* WHAT THE TASK REQUIRES
Count lines holding the string "PUBGMOBILE" in the data that follows. Reply with one number only.

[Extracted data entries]
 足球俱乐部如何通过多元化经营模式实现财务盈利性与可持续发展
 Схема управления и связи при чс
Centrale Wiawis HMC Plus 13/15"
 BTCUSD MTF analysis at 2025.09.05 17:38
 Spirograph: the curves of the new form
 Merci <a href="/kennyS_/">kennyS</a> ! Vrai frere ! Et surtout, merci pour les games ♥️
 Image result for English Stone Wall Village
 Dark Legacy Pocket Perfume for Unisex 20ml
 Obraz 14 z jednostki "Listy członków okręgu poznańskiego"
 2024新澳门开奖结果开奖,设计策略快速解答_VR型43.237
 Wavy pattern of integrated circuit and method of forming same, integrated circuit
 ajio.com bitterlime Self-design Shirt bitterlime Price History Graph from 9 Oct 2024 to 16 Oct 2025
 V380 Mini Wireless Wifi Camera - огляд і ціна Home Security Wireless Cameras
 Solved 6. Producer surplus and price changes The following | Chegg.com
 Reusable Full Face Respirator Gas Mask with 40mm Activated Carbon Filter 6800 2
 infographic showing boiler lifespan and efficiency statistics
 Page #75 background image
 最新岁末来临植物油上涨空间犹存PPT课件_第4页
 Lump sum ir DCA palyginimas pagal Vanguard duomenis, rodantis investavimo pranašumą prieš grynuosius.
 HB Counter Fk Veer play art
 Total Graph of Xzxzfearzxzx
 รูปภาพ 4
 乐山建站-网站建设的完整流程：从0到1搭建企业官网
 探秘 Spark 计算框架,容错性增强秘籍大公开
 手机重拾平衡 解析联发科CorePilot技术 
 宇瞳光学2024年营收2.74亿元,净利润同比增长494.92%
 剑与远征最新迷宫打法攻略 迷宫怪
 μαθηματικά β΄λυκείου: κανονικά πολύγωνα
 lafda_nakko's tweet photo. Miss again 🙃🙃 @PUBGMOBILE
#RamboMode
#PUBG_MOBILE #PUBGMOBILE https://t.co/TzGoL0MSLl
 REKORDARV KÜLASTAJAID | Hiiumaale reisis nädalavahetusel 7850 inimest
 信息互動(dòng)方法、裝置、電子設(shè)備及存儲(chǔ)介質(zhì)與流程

* FINISHED EXERCISE
2